In many regions of the northern extratropics, the differences between the MTWA and MTCO reconstructions show the expected impact of precession-driven insolation changes (i.e. increased seasonality). However, in some regions the reconstructions show no apparent change in seasonality or even changes in the opposite direction from expected (e.g. around Hudson Bay in eastern North America, the peri-Baltic region of Europe, and central Eurasia). As will be discussed later, these are predictable, second-order responses to atmospheric circulation changes.

The change in growing season conditions, as shown by GDD5, is the strongest influence on reconstructed changes in MAT (Fig. 6d). The largest and most significant changes in MAT occur where the changes in summer and winter temperatures are in the same direction: thus, the significant reduction in MAT in southern Europe compared to present reflects cooler conditions in both seasons, while the significant increase in MAT in central Europe reflects warmer conditions in both seasons. In the maritime regions of northeastern Europe and northern Scandinavia, the reconstructed change in MAT is smaller, because the seasonal changes in these regions are of opposite sign. A similar situation is apparent in North America, with large changes in MAT in regions where both seasons are characterised by warming or cooling compared to today, and smaller (or non-significant changes) in regions where the temperature changes result in increased seasonality. The changes in MAT across Africa reflect the changes in GDD5, with cooling (>2°C) compared to present in the western Sahara and the equatorial zone and warming elsewhere.

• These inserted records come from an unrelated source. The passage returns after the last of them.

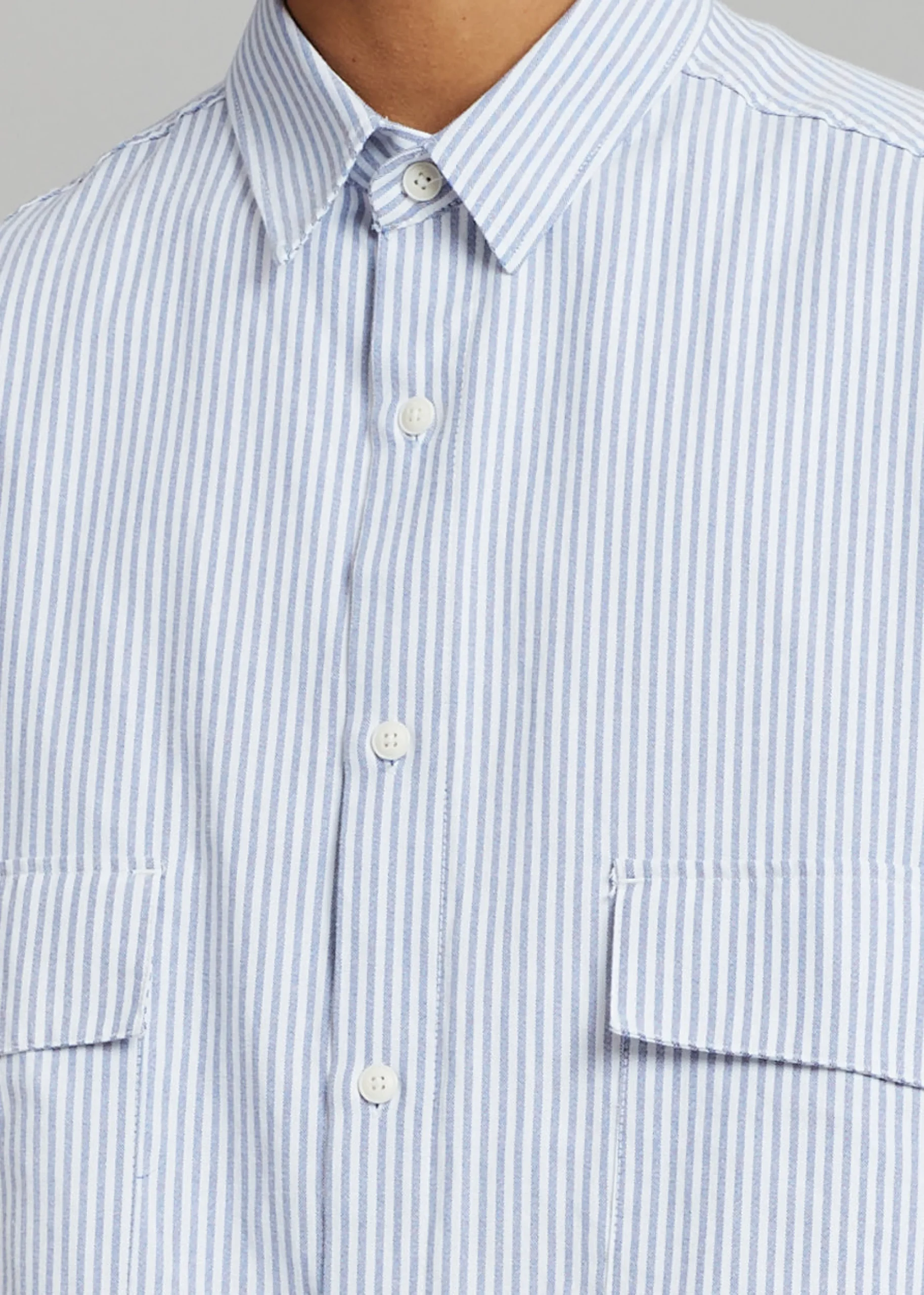 The Frankie Shop Ethan Pocket Shirt Blue Stripe Discount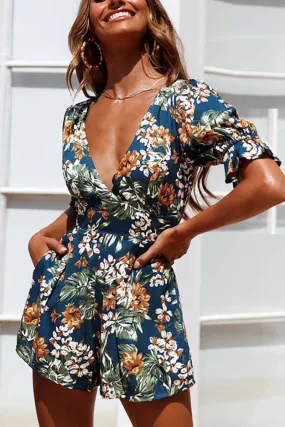 Bohemian Deep V Neck Printed Rompers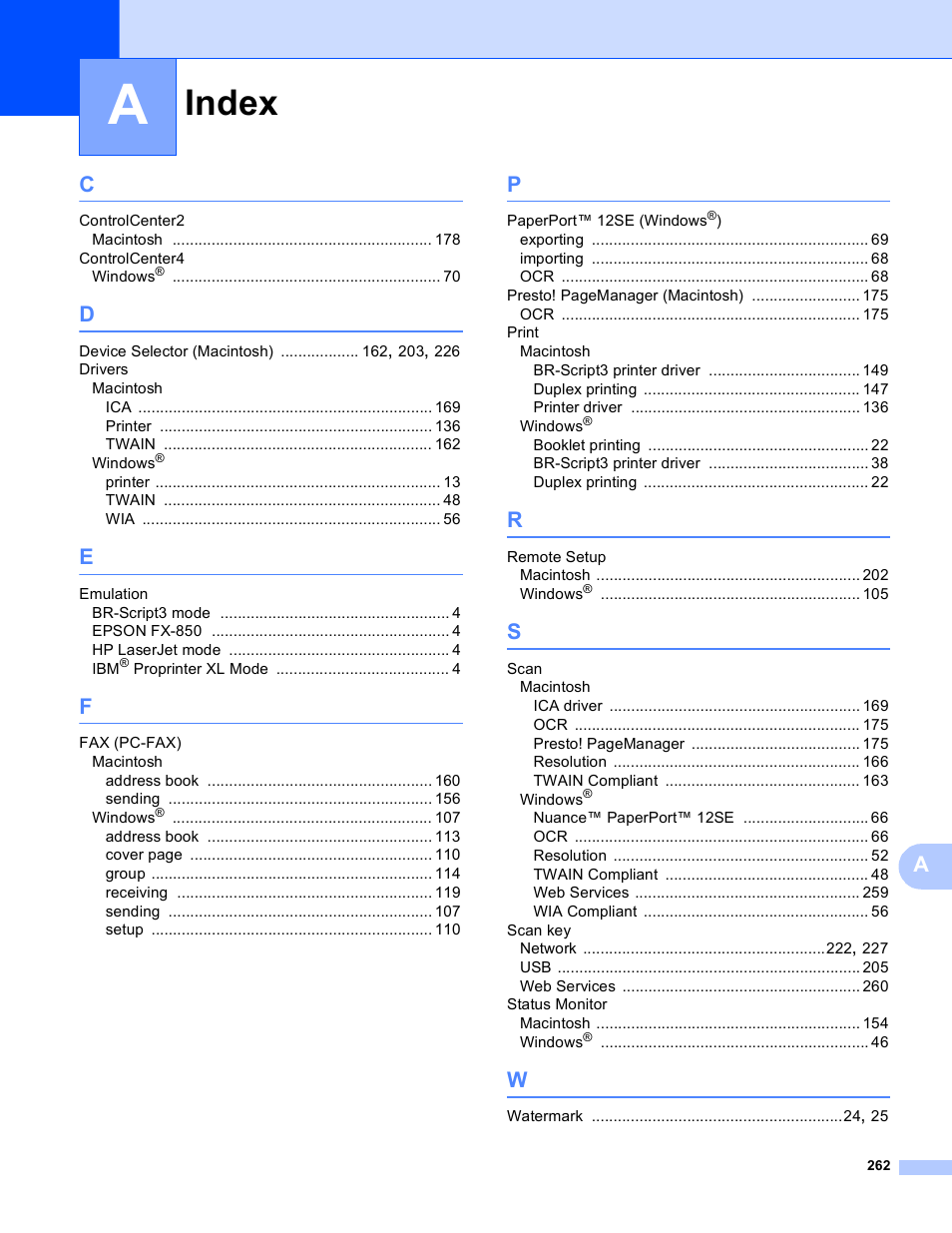 Index | Brother DCP-8155DN User Manual | Page 270 / 271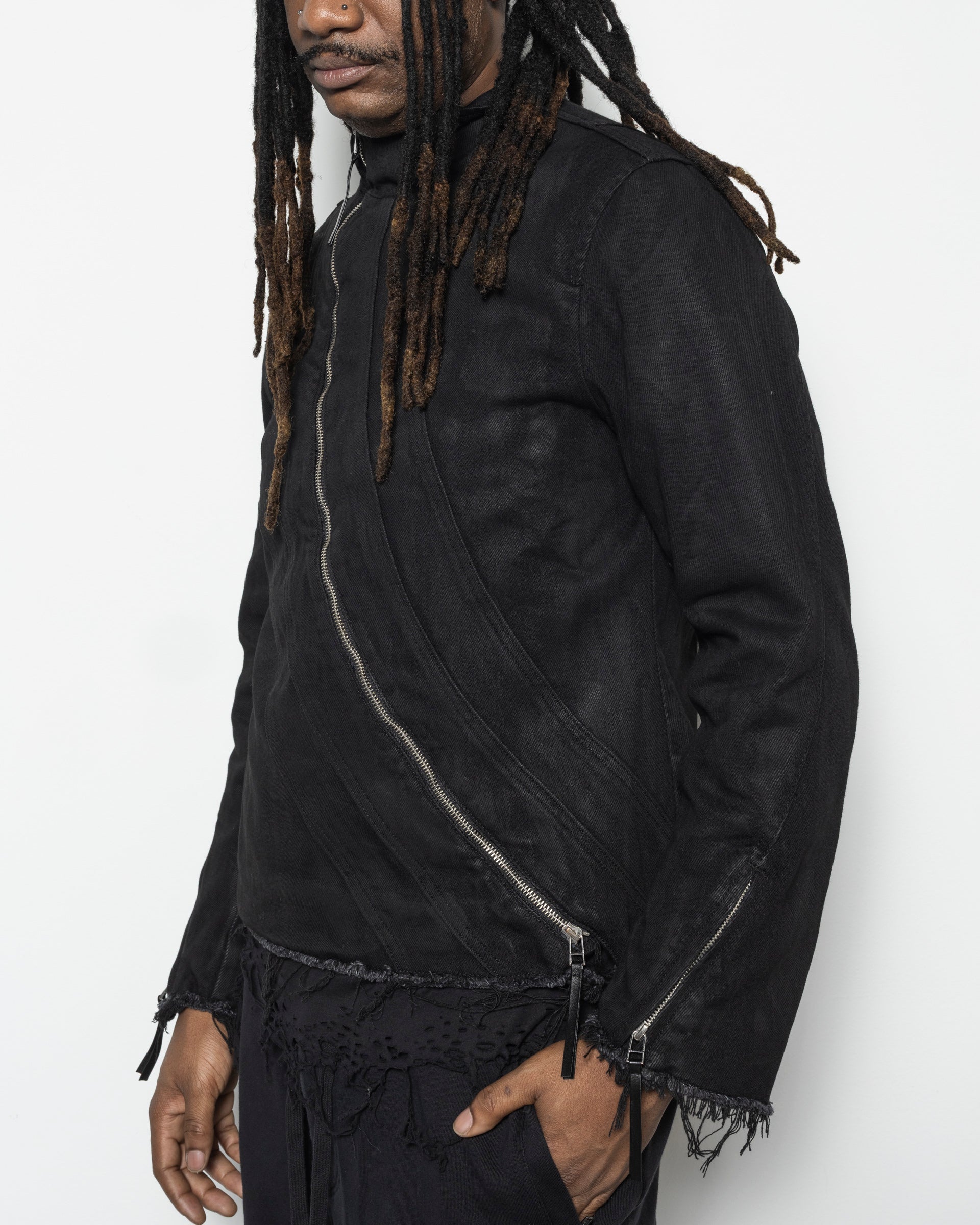 Distressed Fencing Jacket V2 in Waxed Black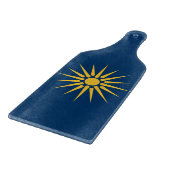 Glass cutting board paddle with flag Macedonia Snijplank (Hoek)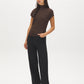 Coffee Bean Mock Neck Ribbed Top with Dolman Sleeves - Front View - Suzy Shier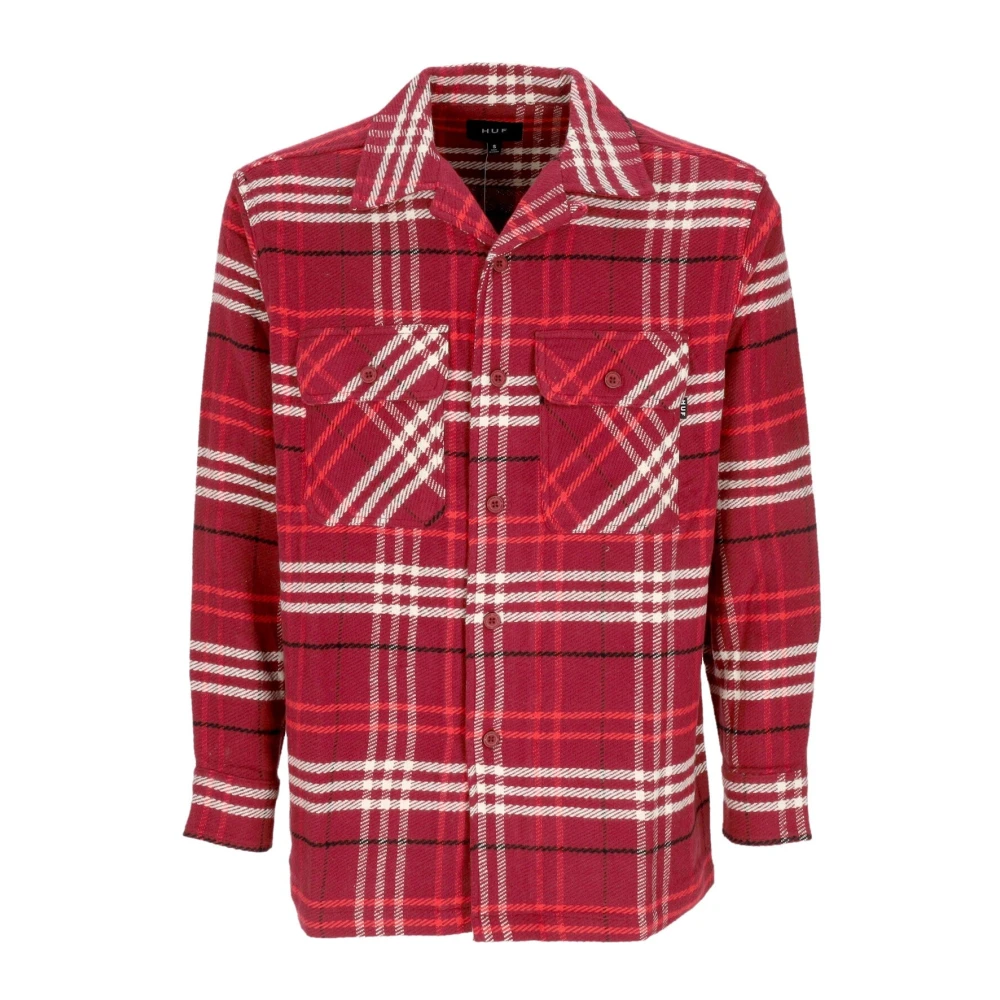 HUF Geruite Flanellen Overhemd met Lange Mouwen Red Heren
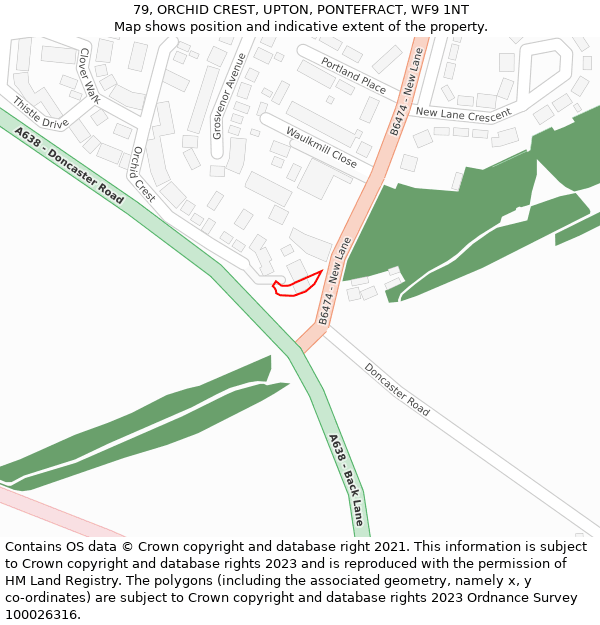 79, ORCHID CREST, UPTON, PONTEFRACT, WF9 1NT: Location map and indicative extent of plot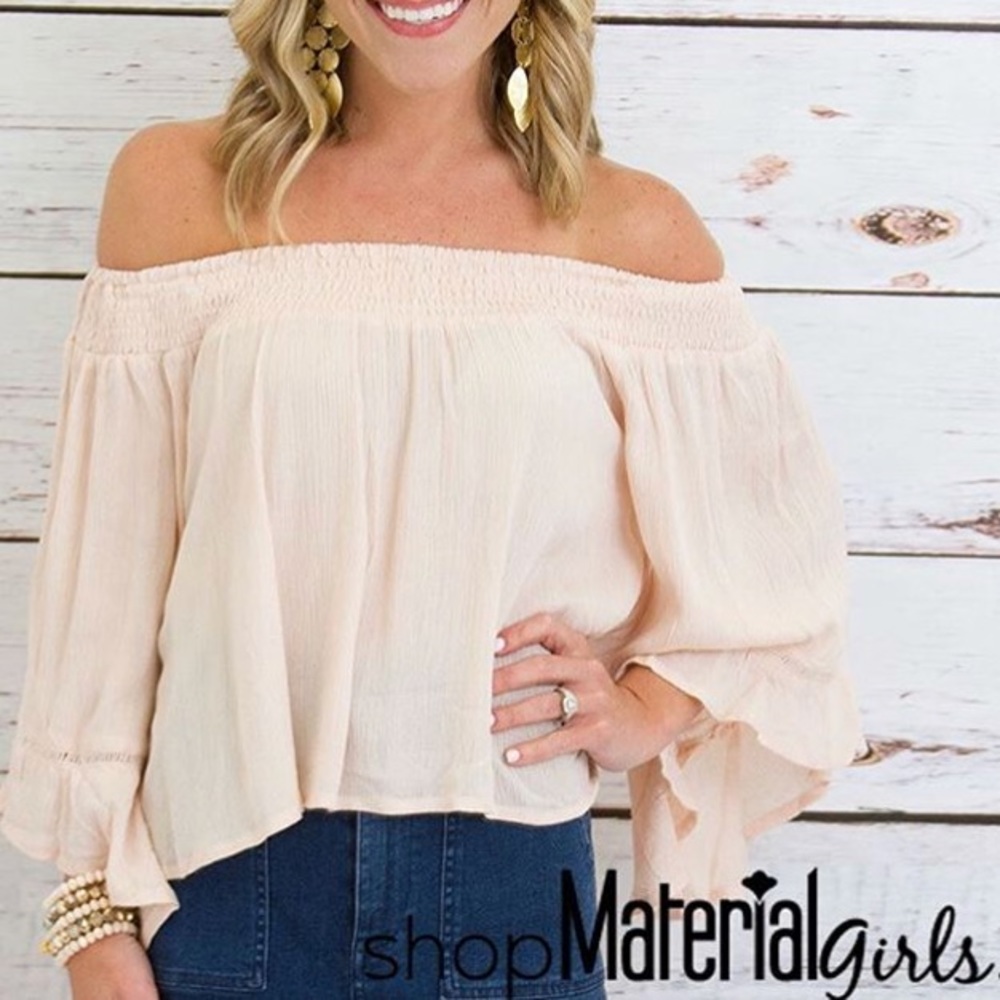 Light Pink Off-The-Shoulder Blouse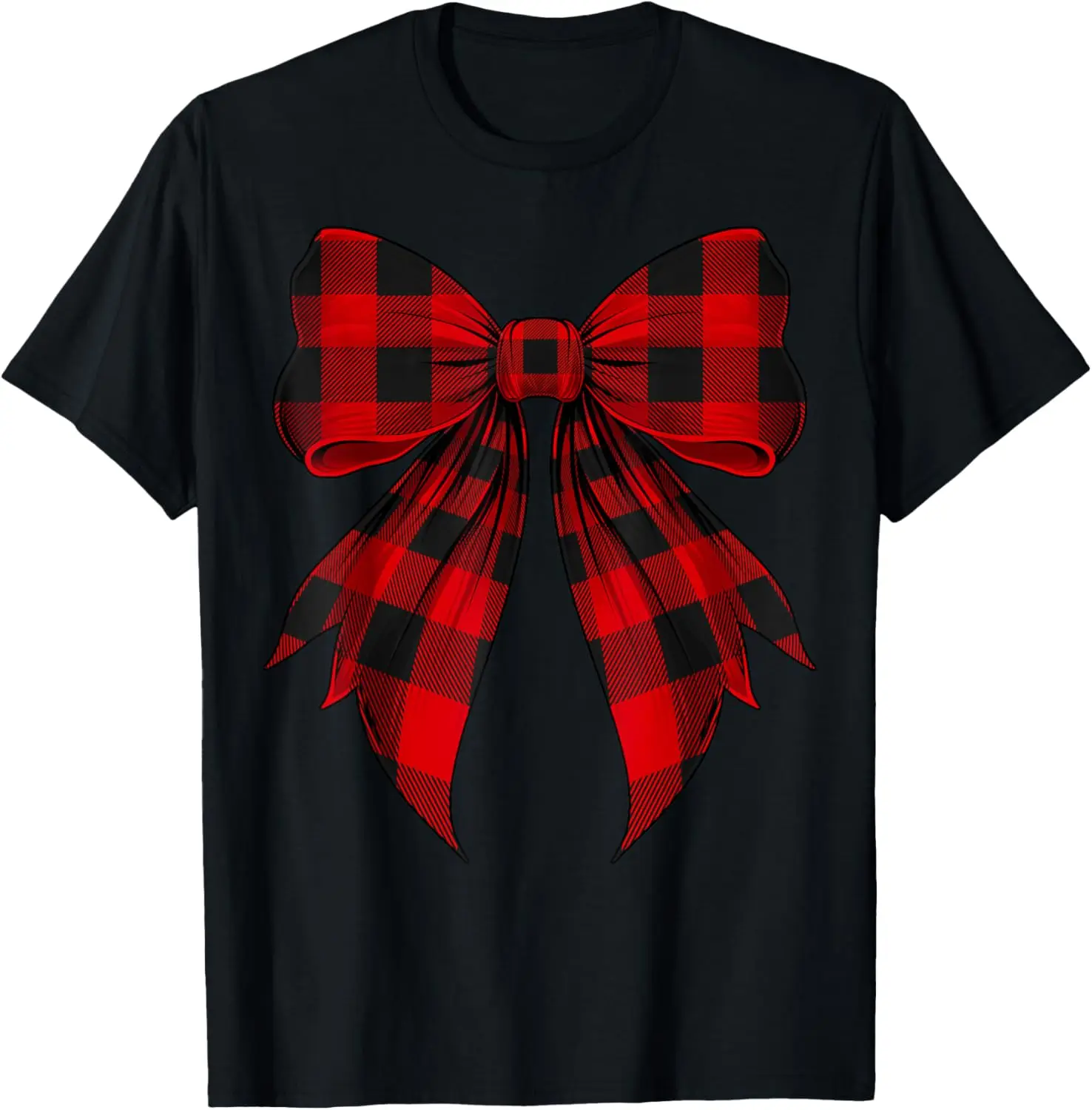 Coquette Bow Red Black Buffalo Tartan Checkered Plaid T-Shirt 100% Cotton Trendy Y2K Short-Sleeve Tee-Soft, Quick-Drying,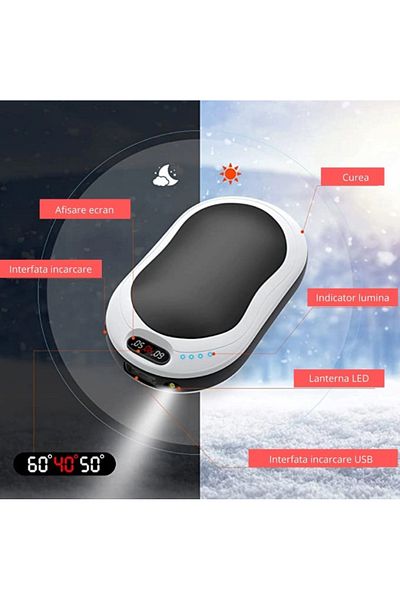 OEM Powerbank cu incalzire, Bucuria frigurosilor, 55 grade, functie incalzire maini, 10000mAh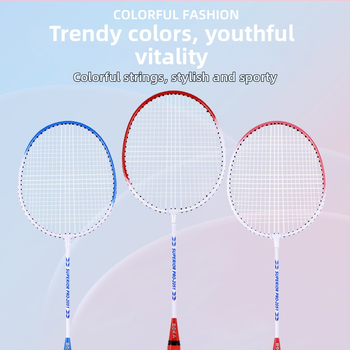 Bedmintonová raketa s dizajnom s dvojitou šnúrou, ultra ľahká a odolná, rám z železnej zliatiny, šnúry z nylonu, hmotnosť 95-100 g, hrúbka rukoväte G-5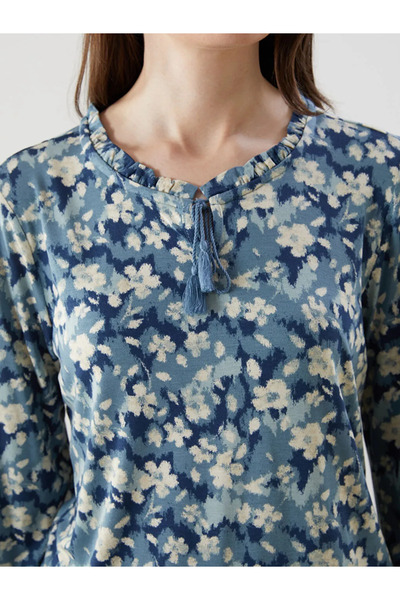 LC Waikiki LCW Grace Mavi Bağlamalı Yaka Çiçekli Kadın Bluz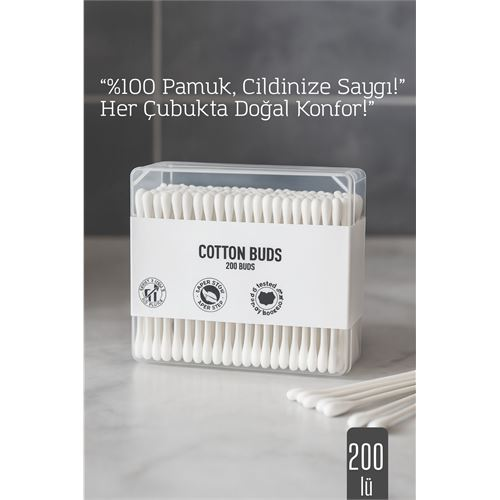 HSNET %100 Pamuk Kulak Çubuğu – 200’lü Paket 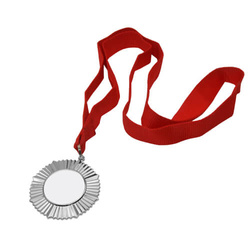Medaile Ø 6 cm / potisk Ø 3,2 cm - stříbrná - sublimační termotransferová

Cooler conditions compared to present are shown by the MAT reconstructions over most of China; the exceptions mostly occur in the extreme north and northwest. In the absence of MTCO or MTWA reconstructions, it is unclear whether this is due to changes in both seasons but the coincidence of cooler conditions with increased precipitation (see below) suggests that the change in MAT reflects both orbitally induced winter cooling and summer cooling consequent on increased cloudiness in regions affected by the enhanced Asian monsoon during the MH.

The reconstructions show increased precipitation compared to present across Europe and Eurasia (MAP: Fig. 6e); the changes are small (<100 mm) and largely non-significant across most of Europe, but spatially very coherent. There are significant increases of between 100 and 500 mm compared than today in the Mediterranean region. Significantly wetter conditions (ca. 100 mm) than today are also registered across Eurasia. Increased precipitation is also shown across much of western and southern North America. The increase in the Great Basin is not significant although it is spatially coherent. Significant increases in precipitation compared to present, generally of >200 mm and in some localities of >500 mm, are registered across northern Africa. The equatorial zone is characterised by reduced precipitation compared to present, as is the northern part of the East African Rift Valley and Madagascar. Most of southern Africa is characterised by increased precipitation compared to present, except for sites near the south coast. An increase in precipitation compared to present is shown across most of China.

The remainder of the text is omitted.